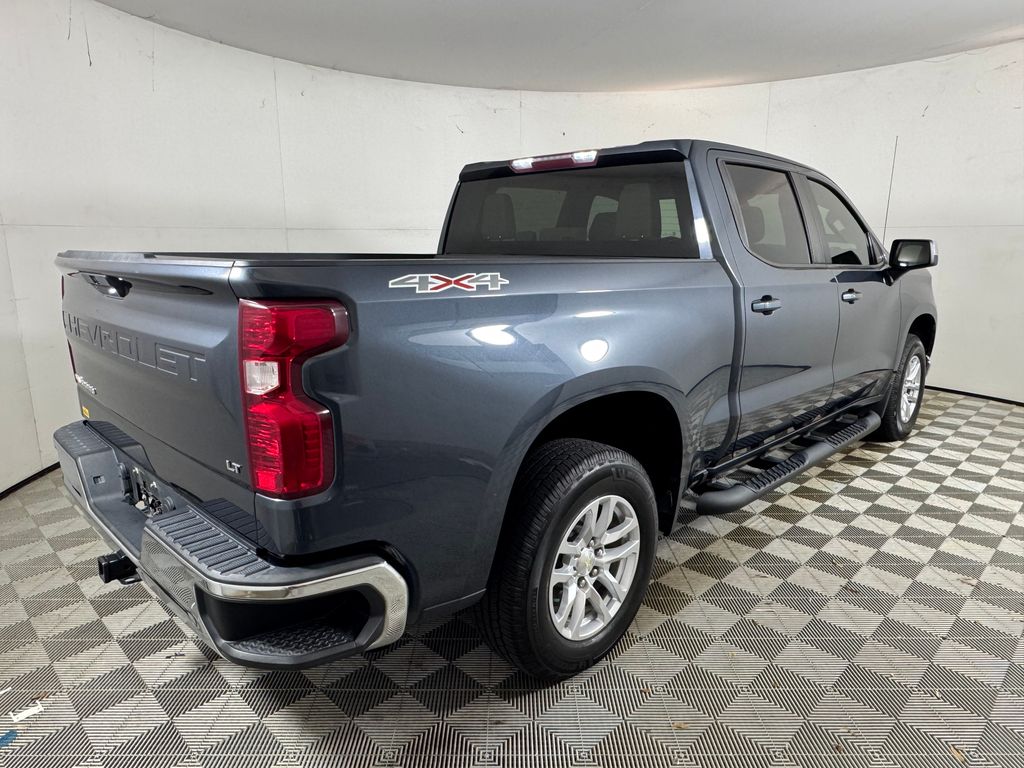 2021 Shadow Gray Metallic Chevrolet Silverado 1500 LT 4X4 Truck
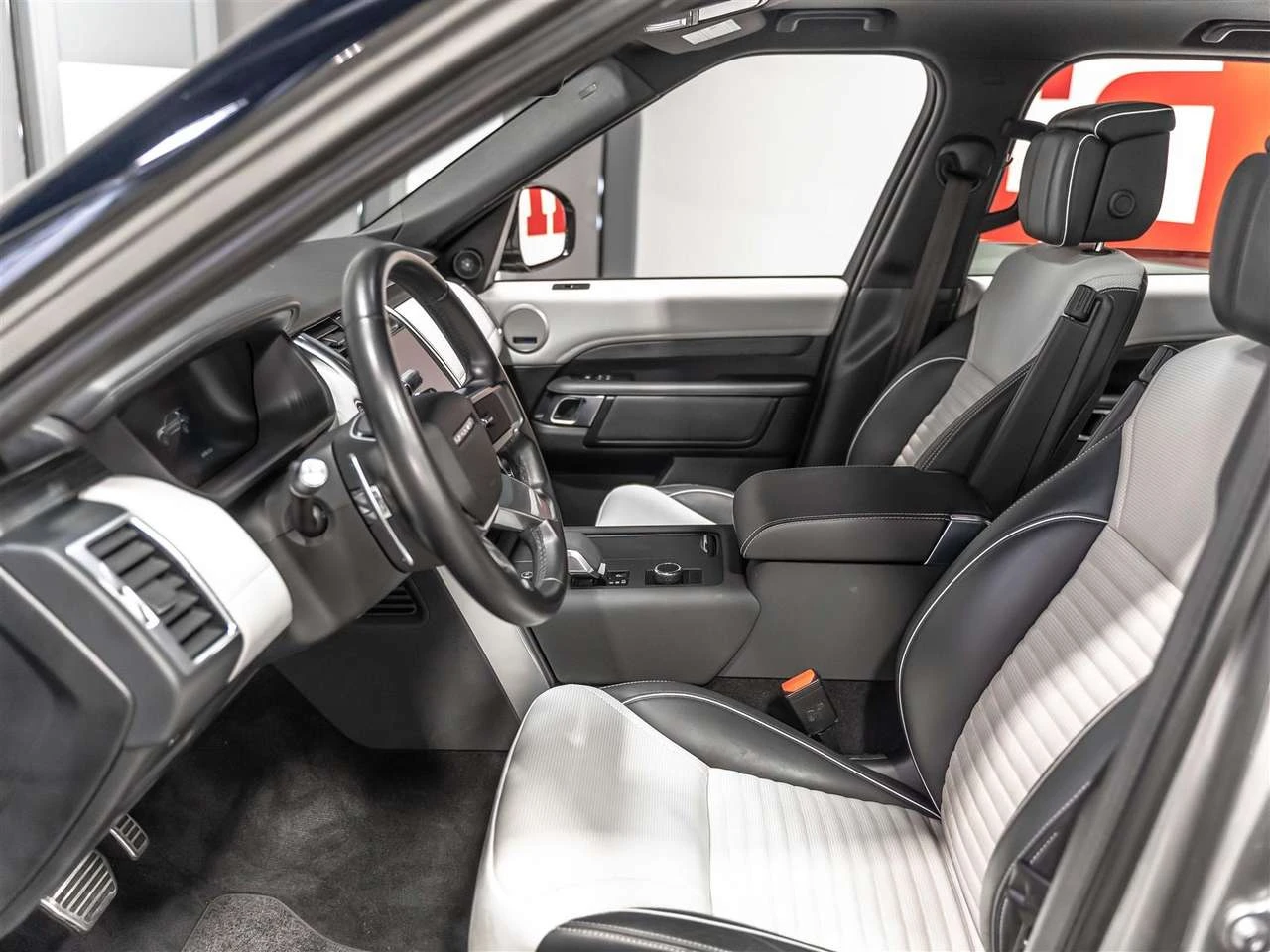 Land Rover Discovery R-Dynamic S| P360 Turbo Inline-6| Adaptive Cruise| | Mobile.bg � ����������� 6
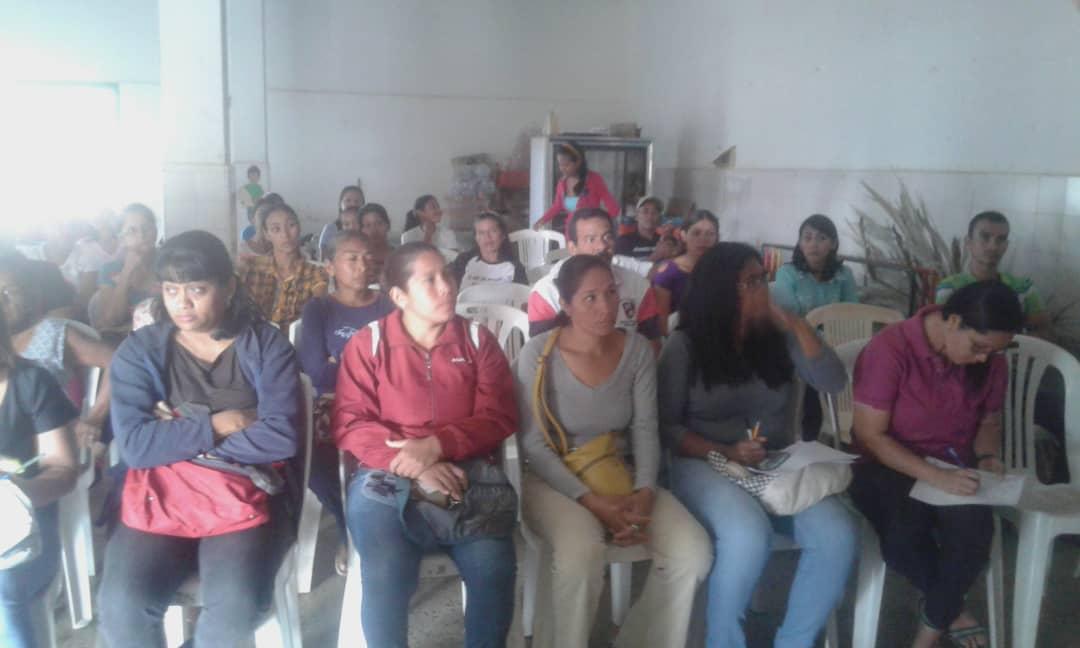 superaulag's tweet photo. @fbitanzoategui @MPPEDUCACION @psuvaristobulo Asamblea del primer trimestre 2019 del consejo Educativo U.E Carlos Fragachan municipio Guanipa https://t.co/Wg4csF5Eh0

• Task: Copy out exactly, without any pictures, the lines above that begin at the one with "Land Rover Discovery" and end at the last line of the listing.

• Reply:
 Land Rover Discovery R-Dynamic S| P360 Turbo Inline-6| Adaptive Cruise| | Mobile.bg � ����������� 6
 superaulag's tweet photo. @fbitanzoategui @MPPEDUCACION @psuvaristobulo Asamblea del primer trimestre 2019 del consejo Educativo U.E Carlos Fragachan municipio Guanipa https://t.co/Wg4csF5Eh0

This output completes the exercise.